### INPUT
•••••
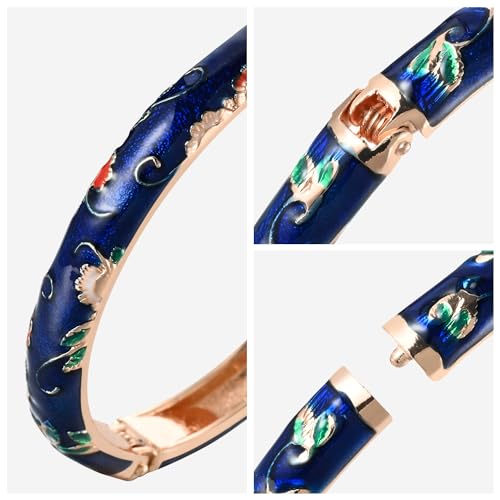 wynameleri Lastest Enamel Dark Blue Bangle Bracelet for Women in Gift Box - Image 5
•••••
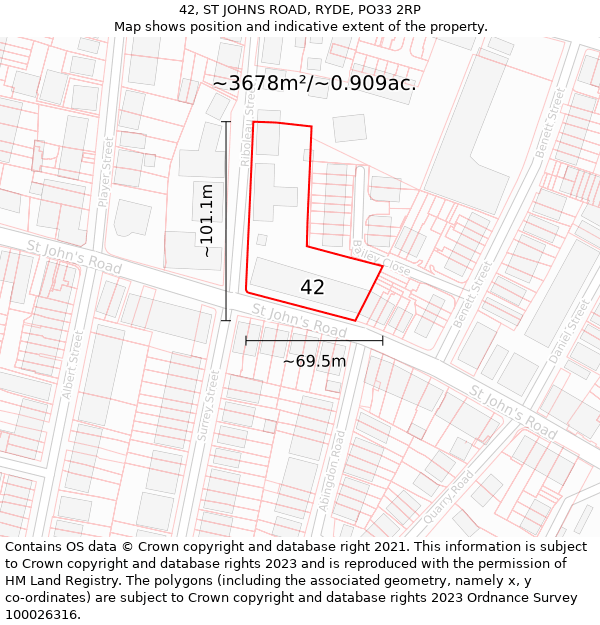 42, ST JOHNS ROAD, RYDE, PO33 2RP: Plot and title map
•••••
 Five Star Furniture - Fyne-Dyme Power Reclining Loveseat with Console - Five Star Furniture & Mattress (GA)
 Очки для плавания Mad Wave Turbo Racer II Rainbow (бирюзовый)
•••••
In the listing above, find the line containing "Five Star Furniture - Fyne-Dyme" and the line containing "Очки для плавания", then retype both and every line between them exactly, with nothing else.

 Five Star Furniture - Fyne-Dyme Power Reclining Loveseat with Console - Five Star Furniture & Mattress (GA)
 Очки для плавания Mad Wave Turbo Racer II Rainbow (бирюзовый)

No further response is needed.